Il maritozzo fa parte della storia di Roma ed è un’antica ricetta fatta di ingredienti semplici quali acqua, farina, lievito, zucchero, latte, uova e burro oppure olio che dà vita a una pagnottella soffice spaccata a metà e riempita di panna montata o di crema.
Sono molte le varianti che si conoscono: quello tradizionale con panna, quaresimale con uvetta e pinoli, ricoperto di cioccolato, ma anche farcito con prodotti salati come burrata, pomodoro, pesto e baccalà.
La storia del maritozzo romano
Me stai de fronte, lucido e ‘mbiancato, la panna te percorre tutto in mezzo, co ‘n sacco de saliva nella gola, te guardo ‘mbambolato e con amore. Me fai salì er colesterolo a mille, lo dice quell’assillo d’er dottore, ma te dirò, mio caro maritozzo, te mozzico, poi pago er giusto prezzo! (Ignazio Sifone, Ode ar maritozzo, Garbatella, 1964).

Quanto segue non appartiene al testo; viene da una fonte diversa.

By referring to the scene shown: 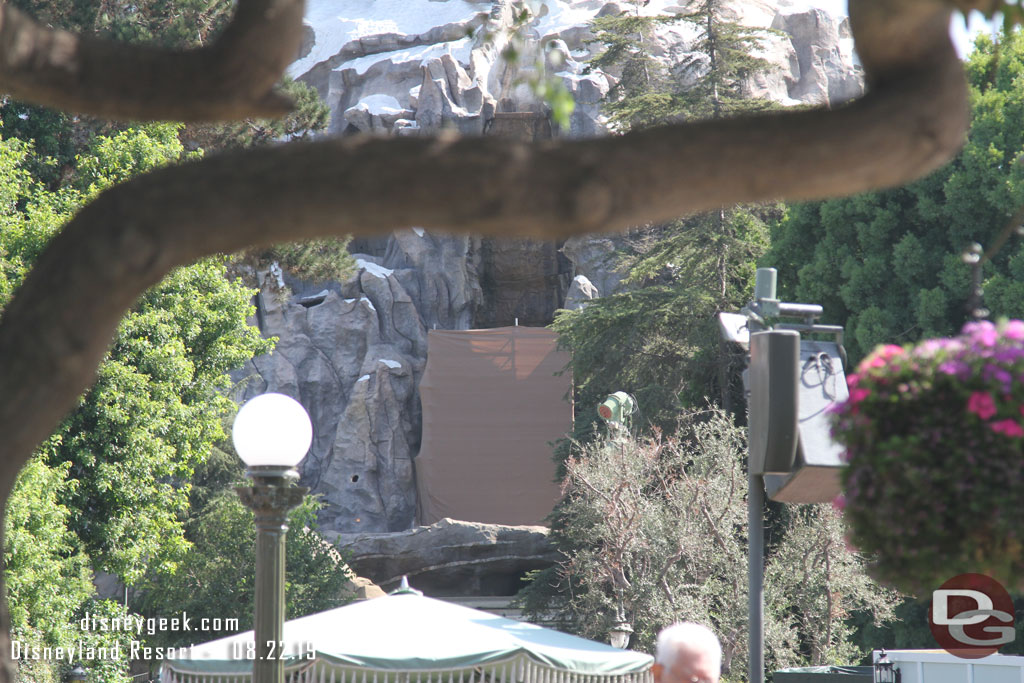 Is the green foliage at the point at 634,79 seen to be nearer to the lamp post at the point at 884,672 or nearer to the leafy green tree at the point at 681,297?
the leafy green tree at the point at 681,297

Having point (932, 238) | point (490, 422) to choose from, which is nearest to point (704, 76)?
point (932, 238)

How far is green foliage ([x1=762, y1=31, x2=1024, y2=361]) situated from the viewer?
664 inches

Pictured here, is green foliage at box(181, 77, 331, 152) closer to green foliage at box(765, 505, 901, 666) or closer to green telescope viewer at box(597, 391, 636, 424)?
green telescope viewer at box(597, 391, 636, 424)

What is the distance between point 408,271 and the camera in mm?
32062

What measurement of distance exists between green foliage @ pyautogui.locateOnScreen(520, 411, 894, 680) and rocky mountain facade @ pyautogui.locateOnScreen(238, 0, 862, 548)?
11800mm

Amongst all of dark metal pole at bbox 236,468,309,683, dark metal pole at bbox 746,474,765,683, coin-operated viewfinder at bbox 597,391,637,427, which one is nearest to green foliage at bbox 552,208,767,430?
coin-operated viewfinder at bbox 597,391,637,427

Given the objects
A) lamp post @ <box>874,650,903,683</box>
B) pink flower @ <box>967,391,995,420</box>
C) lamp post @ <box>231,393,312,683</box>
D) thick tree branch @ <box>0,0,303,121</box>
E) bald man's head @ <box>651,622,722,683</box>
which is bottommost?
lamp post @ <box>874,650,903,683</box>

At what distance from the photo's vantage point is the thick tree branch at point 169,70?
1.74 m

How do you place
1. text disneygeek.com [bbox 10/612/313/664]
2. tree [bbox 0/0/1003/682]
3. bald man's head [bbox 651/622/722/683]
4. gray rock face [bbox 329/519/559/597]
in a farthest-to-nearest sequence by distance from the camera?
1. gray rock face [bbox 329/519/559/597]
2. text disneygeek.com [bbox 10/612/313/664]
3. bald man's head [bbox 651/622/722/683]
4. tree [bbox 0/0/1003/682]

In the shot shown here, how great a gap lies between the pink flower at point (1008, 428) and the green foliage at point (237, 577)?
17420 millimetres

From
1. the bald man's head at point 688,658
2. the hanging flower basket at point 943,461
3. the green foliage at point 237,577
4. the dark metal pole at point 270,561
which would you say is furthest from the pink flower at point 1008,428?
the green foliage at point 237,577

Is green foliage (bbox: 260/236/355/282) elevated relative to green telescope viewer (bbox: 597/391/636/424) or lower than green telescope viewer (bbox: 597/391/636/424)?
elevated

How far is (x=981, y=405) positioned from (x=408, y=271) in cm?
3046

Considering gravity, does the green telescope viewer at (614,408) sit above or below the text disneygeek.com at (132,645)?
above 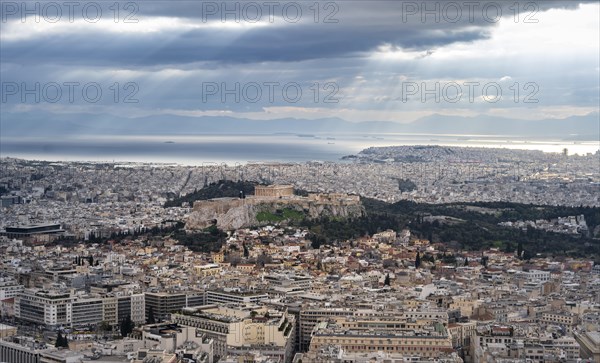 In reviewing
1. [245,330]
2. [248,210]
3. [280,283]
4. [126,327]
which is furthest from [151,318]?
[248,210]

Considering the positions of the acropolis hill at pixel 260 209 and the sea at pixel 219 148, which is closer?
the acropolis hill at pixel 260 209

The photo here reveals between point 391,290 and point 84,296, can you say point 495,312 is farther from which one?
point 84,296

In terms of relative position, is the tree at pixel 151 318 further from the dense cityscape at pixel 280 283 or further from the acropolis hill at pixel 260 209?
the acropolis hill at pixel 260 209

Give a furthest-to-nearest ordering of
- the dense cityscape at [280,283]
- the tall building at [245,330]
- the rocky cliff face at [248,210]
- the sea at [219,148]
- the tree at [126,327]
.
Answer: the sea at [219,148]
the rocky cliff face at [248,210]
the tree at [126,327]
the tall building at [245,330]
the dense cityscape at [280,283]

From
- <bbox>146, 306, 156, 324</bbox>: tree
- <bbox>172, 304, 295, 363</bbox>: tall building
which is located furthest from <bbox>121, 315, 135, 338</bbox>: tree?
<bbox>172, 304, 295, 363</bbox>: tall building

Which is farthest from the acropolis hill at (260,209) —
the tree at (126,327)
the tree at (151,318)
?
the tree at (126,327)

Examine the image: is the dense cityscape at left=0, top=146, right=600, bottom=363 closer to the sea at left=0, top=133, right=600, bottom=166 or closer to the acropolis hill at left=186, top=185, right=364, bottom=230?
the acropolis hill at left=186, top=185, right=364, bottom=230

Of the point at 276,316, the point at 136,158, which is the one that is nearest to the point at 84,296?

Il maritozzo risale al tempo dei Romani: infatti esistevano già delle pagnotte addolcite dall’aggiunta di miele e uvetta e costituivano un pasto sostanzioso e nutriente che coniugava bontà e praticità ed era realizzato dalle moglie per i mariti.
Da questo panino derivarono i maritozzi, la cui ricetta originale prevedeva l’aggiunta dell’uva passa. In tempi più recenti era l’unico peccato di gola che ci si poteva concedere durante la Quaresima – periodo in cui prendeva lo scherzoso appellattivo di “er Santo Maritozzo” – dalla forma più piccola, dal colore più scuro e arricchito da uvetta, pinoli e scorzetta d’arancia candita.
La nascita del nome è avvolta nella leggenda
Sono diverse le leggende e i racconti intorno al maritozzo. Studiosi, poeti e artisti della tradizione romana si sono prodigati nel lodare questo dolce, tra Giggi Zanazzo, Adone Finardi, Giuseppe Gioacchino Belli che raccontano come il maritozzo in passato venisse donato dal ragazzo alla propria fidanzata il primo venerdì di marzo.
All’interno del suo cuore morbido era contenuto poi un anello o un oggetto d’oro e qui il futuro marito prendeva l’appellativo canzonatorio di maritozzo.
Sul maritozzo venivano inoltre realizzati dei disegni con lo zucchero che rappresentavano dù cori intrecciati, o dù mane che sse stringnéveno oppure un core trapassato da una frezza (Zanazzo in Usi, costumi e pregiudizi del popolo di Roma, 1907).
Secondo altri ancora invece con l’impasto veniva realizzato un dolce a forma di cuore e donato dalle ragazze in età da marito al più bel giovane del paese, il quale a sua volta avrebbe preso in moglie l’artefice del più buono.
Nel corso dei secoli i maritozzi hanno assunto delle denominazioni differenti a seconda della zona dove venivano preparati: a Carbognano “maritèlli”, a Vetralla “panmarìti” mentre a Vignanello “panpariti”.